Merge tag 'net-next-6.0' of git://git.kernel.org/pub/scm/linux/kernel/git/netdev/net-next

Pull networking changes from Paolo Abeni:
 "Core:

   - Refactor the forward memory allocation to better cope with memory
     pressure with many open sockets, moving from a per socket cache to
     a per-CPU one

   - Replace rwlocks with RCU for better fairness in ping, raw sockets
     and IP multicast router.

   - Network-side support for IO uring zero-copy send.

   - A few skb drop reason improvements, including codegen the source
     file with string mapping instead of using macro magic.
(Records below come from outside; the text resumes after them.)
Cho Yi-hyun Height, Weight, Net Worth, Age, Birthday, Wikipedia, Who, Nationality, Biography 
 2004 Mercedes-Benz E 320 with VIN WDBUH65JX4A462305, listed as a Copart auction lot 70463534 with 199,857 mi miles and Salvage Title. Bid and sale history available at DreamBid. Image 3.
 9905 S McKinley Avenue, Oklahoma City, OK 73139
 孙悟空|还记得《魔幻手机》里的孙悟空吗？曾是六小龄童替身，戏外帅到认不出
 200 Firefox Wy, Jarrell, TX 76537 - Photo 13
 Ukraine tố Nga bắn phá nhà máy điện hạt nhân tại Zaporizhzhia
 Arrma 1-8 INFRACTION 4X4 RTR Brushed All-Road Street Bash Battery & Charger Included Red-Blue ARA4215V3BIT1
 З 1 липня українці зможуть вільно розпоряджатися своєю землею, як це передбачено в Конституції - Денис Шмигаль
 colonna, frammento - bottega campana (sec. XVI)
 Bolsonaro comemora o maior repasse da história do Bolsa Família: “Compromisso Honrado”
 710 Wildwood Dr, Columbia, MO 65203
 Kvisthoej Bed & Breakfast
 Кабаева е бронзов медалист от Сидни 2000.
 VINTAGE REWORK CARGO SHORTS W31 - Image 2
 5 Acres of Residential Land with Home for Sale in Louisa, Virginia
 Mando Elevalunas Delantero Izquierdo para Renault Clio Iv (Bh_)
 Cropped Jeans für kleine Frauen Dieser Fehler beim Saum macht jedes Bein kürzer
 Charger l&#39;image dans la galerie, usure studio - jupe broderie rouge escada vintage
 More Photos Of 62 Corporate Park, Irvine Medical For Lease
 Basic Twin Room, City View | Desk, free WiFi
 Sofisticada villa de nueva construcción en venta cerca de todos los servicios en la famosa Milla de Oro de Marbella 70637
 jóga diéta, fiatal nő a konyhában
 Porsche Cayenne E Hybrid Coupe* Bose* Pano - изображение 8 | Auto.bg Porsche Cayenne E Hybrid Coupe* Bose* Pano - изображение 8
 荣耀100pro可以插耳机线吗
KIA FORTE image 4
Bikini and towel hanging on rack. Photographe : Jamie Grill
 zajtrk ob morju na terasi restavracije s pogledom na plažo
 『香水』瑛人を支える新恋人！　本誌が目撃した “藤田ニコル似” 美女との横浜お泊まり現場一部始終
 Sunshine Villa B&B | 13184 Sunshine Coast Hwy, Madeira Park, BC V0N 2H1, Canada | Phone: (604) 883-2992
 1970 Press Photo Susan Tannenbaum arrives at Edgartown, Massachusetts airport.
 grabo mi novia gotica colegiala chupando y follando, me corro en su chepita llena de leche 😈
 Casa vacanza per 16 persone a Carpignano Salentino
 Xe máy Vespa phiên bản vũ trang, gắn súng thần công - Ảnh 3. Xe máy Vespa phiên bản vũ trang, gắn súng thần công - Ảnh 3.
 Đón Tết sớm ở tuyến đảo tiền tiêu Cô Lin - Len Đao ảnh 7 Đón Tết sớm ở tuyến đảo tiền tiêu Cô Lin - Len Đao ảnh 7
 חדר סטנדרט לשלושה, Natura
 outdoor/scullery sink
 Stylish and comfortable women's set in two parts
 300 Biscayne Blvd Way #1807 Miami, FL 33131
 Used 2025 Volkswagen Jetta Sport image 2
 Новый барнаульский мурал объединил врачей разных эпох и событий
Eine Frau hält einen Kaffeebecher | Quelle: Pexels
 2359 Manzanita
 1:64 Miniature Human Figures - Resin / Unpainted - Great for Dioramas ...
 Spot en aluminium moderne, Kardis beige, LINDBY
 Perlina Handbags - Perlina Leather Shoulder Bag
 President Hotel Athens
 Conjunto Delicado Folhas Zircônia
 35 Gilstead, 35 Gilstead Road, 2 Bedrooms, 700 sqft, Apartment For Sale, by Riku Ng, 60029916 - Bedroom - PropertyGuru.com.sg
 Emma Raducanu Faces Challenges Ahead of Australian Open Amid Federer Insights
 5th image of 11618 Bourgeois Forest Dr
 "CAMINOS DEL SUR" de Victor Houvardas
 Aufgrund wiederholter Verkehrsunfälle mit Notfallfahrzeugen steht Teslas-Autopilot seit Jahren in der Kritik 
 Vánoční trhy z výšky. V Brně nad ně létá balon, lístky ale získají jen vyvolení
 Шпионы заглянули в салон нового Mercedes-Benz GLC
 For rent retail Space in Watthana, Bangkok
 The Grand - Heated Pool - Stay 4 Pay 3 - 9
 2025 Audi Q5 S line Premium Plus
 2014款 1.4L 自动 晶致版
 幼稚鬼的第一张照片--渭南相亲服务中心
   - Rename reference tracking helpers to a more consistent netdev_*
     schema.

   - Adapt u64_stats_t type to address load/store tearing issues.

   - Refine debug helper usage to reduce the log noise caused by bots.

  BPF:

   - Improve socket map performance, avoiding skb cloning on read
     operation.

   - Add support for 64 bits enum, to match types exposed by kernel.

   - Introduce support for sleepable uprobes program.

   - Introduce support for enum textual representation in libbpf.

   - New helpers to implement synproxy with eBPF/XDP.

   - Improve loop performances, inlining indirect calls when possible.

   - Removed all the deprecated libbpf APIs.

   - Implement new eBPF-based LSM flavor.

   - Add type match support, which allow accurate queries to the eBPF
     used types.

   - A few TCP congetsion control framework usability improvements.

   - Add new infrastructure to manipulate CT entries via eBPF programs.

   - Allow for livepatch (KLP) and BPF trampolines to attach to the same
     kernel function.

  Protocols:

   - Introduce per network namespace lookup tables for unix sockets,
     increasing scalability and reducing contention.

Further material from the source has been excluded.